Dopełnieniem tegoż udanego dzieła jest obsada z Tomem Cruisem i Simonem Peggiem na czele. Pierwszy z nich potrafi być zabawny, przywódczy jeśli potrzeba i przede wszystkim da się go lubić. Pegg od kilku filmów imponuje mi aktorsko, jego czas spędzony na ekranie wpływa pozytywnie na obraz, ale także od strony jaką pokazuje w mediach, sprawia wrażenie przyzwoitego, pełnego humoru i dystansu do życia faceta. Aktor odchodzi trochę w Mission od dotychczasowej roli błazna, daje od siebie więcej aniżeli to do czego nas przyzwyczaił, choć drobnymi gestami, krótkimi hasełkami potrafi rozbawić widza, który nie ma nic przeciwko by widzieć artystę w takim repertuarze. Zespół uzupełniają Paula Patton oraz Jeremy Renner. Aktorce piękna nie można odmówić, talentu także choć nie miała wielkich możliwości do rozwinięcia wachlarza umiejętności. Renner zaszokował swą rolą, zaskoczył tym w kogo się wcielił i jakoś mi nie pasował ale to jeden z tych momentów, jedna z tych niespodzianek na które warto czekać. 8/10
4 komentarze:
Pełna zgoda. Podobało mi się w tym filmie to, że zamiast zrobić z tego Tom Cruise Show (a z gwiazdorem takiego kalibru mogło tak wyjść), to film opiera się na współdziałaniu całej drużyny. Poza tym bawiłem się na "MI:GP" znakomicie, cały czas się coś dzieje i nawet nie ma za bardzo kiedy analizować czy fabuła trzyma się logiki, bo wszystko pochałania się jednym tchem. Do tego dodam, że świetna muzyka, zwłaszcza chóry w scenach moskiewskich są po prostu epickie i aż czuć potęgę Kremla :) Ode mnie też ósemka. pozdrawiam!
Muszę przyznać, że jestem teraz po twojej recenzji zaciekawiona, bo do takich filmów bywam uprzedzona a czasami szukam czegoś wciągającego acz niezbyt wymagającego. Obejrzę! :)
Mam podobnie. To znaczy ignorowałam tę produkcję, ale te recenzje zbiły mnie z tropu. Seans wciąż przede mną.
Przypadek Toma jest ciekawy. Najpierw krzywozębny w "Legendzie" (którą uwielbiam), potem prostozębny w złotej erze swojej kariery, by nagle zaliczyć ten scjentologiczny flop.

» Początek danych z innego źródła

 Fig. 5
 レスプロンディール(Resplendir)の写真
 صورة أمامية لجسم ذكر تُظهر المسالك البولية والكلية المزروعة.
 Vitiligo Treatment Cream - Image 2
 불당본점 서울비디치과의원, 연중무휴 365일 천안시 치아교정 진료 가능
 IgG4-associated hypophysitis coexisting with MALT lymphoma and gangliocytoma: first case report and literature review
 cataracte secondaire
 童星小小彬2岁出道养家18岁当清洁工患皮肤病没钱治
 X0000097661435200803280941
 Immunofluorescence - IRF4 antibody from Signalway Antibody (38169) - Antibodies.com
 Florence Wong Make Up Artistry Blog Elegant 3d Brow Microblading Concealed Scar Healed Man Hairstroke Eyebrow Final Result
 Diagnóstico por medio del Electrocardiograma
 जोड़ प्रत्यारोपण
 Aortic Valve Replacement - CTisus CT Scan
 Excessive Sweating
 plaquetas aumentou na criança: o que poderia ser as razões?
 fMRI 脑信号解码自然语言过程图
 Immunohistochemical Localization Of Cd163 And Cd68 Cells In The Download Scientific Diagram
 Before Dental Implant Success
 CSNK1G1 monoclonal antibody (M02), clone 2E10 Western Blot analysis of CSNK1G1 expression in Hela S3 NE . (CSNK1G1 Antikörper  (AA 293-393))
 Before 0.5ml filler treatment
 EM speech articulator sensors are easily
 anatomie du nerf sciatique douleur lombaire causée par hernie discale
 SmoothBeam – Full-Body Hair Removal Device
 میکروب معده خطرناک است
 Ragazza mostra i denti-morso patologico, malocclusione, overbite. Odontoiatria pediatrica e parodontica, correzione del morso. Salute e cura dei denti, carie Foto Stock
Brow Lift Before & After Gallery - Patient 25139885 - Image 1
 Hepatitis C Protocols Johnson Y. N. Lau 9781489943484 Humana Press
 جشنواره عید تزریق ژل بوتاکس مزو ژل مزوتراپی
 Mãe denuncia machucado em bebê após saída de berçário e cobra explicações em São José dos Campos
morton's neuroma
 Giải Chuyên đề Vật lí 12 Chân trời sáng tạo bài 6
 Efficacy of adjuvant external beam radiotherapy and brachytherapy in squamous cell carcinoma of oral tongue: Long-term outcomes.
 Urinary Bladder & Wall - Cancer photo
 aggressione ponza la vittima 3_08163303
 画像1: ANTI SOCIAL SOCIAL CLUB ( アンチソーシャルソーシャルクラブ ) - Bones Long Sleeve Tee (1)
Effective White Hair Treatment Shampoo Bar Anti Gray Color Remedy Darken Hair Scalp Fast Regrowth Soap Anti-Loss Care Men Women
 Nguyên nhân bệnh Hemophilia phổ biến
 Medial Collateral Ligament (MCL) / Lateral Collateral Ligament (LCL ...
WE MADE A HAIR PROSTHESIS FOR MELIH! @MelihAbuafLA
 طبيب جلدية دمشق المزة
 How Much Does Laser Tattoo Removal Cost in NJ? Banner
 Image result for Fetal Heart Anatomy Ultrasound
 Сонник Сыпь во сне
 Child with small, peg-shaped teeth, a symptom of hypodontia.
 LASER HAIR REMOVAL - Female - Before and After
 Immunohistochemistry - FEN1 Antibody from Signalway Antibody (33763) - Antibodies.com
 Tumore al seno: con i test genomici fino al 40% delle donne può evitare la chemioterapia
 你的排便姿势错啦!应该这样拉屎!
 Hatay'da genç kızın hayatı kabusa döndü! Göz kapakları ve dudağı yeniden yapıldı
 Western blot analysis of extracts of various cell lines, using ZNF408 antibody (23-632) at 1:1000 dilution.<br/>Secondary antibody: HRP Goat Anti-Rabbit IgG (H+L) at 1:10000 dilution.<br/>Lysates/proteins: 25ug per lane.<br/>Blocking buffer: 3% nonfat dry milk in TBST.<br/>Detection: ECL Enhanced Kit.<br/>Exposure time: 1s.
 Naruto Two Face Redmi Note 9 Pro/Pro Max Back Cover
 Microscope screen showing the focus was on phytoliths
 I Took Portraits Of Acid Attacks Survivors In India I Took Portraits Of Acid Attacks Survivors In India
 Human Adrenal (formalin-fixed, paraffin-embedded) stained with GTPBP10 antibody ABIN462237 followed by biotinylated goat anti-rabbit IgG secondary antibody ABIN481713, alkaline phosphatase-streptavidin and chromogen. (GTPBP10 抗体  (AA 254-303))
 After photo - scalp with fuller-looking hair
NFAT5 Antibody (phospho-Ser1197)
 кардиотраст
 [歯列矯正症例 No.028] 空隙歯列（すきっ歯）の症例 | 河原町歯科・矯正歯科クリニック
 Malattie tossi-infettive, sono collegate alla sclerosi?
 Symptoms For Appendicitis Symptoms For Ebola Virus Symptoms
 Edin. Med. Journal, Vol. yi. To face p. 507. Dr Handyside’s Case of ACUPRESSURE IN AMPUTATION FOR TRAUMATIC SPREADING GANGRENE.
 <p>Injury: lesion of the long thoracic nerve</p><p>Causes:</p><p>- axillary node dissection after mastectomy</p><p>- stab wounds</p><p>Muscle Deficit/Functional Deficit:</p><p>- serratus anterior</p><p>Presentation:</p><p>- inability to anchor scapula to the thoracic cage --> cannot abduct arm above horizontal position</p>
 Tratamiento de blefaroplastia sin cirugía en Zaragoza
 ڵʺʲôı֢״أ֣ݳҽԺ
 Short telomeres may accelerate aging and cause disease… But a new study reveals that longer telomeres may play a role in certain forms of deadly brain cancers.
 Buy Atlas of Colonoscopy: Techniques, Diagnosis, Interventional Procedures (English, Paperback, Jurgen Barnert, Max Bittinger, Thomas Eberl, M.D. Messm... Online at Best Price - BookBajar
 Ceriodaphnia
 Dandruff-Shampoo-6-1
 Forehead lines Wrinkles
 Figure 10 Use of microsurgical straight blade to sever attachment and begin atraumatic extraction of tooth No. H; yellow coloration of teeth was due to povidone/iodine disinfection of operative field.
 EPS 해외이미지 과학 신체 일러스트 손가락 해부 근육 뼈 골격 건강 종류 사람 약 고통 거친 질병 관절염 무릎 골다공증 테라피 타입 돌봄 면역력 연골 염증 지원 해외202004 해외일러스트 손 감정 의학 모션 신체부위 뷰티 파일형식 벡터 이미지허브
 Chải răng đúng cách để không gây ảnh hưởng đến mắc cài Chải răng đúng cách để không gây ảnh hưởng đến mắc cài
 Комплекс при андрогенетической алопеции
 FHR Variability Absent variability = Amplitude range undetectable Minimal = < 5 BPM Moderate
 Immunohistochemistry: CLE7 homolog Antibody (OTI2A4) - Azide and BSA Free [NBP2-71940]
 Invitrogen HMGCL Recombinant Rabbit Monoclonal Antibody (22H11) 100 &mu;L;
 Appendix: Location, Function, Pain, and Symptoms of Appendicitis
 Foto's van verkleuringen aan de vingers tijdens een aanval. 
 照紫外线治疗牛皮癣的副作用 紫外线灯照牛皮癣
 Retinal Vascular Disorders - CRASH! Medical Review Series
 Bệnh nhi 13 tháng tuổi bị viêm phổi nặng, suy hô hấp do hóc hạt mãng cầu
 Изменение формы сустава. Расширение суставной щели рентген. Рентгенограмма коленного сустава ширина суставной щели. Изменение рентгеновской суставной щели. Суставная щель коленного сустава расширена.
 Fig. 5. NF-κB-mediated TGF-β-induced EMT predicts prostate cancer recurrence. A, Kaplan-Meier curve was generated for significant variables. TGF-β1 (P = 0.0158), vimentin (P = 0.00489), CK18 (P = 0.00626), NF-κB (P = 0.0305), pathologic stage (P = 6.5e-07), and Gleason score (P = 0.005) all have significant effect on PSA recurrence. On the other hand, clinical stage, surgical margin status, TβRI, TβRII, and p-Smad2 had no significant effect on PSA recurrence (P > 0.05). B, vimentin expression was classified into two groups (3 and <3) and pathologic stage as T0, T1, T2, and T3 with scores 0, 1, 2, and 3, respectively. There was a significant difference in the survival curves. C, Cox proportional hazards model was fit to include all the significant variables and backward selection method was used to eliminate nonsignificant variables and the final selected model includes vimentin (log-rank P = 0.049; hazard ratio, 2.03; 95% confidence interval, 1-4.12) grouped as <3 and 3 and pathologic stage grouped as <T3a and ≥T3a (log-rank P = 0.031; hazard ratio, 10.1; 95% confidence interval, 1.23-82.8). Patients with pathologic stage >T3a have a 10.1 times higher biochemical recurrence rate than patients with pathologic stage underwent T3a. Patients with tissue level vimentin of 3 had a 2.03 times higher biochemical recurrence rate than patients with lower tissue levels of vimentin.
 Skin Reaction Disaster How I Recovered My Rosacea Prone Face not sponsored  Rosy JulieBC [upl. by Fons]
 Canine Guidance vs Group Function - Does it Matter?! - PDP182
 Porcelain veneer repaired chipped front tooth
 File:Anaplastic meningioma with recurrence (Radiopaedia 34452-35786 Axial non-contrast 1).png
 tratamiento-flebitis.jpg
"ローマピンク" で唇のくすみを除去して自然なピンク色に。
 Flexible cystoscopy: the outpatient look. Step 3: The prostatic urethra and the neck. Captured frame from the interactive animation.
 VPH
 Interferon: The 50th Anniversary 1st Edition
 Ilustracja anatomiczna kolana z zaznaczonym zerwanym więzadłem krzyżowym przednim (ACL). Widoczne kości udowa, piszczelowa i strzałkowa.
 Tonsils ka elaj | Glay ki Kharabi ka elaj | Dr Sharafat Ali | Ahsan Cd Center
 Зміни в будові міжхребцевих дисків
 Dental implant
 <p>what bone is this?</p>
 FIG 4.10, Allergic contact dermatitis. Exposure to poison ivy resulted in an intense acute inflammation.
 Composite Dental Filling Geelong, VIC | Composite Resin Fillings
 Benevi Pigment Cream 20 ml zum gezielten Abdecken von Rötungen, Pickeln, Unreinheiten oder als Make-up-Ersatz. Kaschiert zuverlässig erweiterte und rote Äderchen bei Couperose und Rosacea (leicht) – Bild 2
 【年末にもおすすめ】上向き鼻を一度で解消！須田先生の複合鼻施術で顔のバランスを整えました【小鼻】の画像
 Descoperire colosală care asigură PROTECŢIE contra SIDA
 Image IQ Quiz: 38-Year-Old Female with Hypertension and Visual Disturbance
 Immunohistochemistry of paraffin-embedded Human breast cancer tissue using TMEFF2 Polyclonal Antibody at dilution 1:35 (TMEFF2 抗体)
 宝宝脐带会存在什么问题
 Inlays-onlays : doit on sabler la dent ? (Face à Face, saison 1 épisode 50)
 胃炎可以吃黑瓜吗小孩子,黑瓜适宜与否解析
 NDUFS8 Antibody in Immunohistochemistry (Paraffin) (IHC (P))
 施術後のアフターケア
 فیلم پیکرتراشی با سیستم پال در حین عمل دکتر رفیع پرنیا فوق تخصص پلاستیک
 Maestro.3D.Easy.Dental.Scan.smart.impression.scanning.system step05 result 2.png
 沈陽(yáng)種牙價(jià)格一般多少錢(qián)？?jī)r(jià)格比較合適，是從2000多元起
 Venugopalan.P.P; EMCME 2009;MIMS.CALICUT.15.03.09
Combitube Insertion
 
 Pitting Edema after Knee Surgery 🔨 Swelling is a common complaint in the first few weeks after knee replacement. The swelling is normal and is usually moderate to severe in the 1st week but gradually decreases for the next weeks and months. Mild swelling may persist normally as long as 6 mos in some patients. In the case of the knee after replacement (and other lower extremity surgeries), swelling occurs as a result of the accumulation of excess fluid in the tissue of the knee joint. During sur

A tu wyskakuje z "Tropic thunder", po zwiastunie nie mogłam nie obejrzeć "Knight & Day" i teraz będzie "Rock of Ages". Jeśli gwiazda takiego formatu pokazuje, że ma do siebie dystans, to może być tym scjentologiem ile zechce. "Ghost Protocol" jest w kolejce, czeka na właściwy moment.
Z Simonem Peggiem mam za to problem. Mój pierwszy film z nim to "Jak stracić...", którego nie byłam w stanie obejrzeć. Ten smrodek wk***wiającego chama skutecznie blokuje chęć sprawdzenia go w innym repertuarze. Ale to nie przesądzone.
szymalan, trzymajmy się tego, że o logice lepiej za dużo nie rozmyślać. Byłeś jednym z tych którzy zaburzyli mój pogląd na ten film.
przemineło z filmem, czasami trzeba zobaczyć co nie wymaga od widza używania zwojów pod czapką :)
Agna, Knight & Day widziałem i nie byłem zbytnio zachwycony. Tyle, że nie zawinił Cruise, zawalili wszyscy inni tylko nie on. Aktora lubiłem za to jak pilotował myśliwce, potem było coraz gorzej, by w końcu dojść do "scjntologostwa" co przekreśliło artystę na dobre. Epizod z Jajach jednak rozwiał wątpliwości, pokazał, że człowiek ma dystans do siebie, a to dobrze świadczy o ww.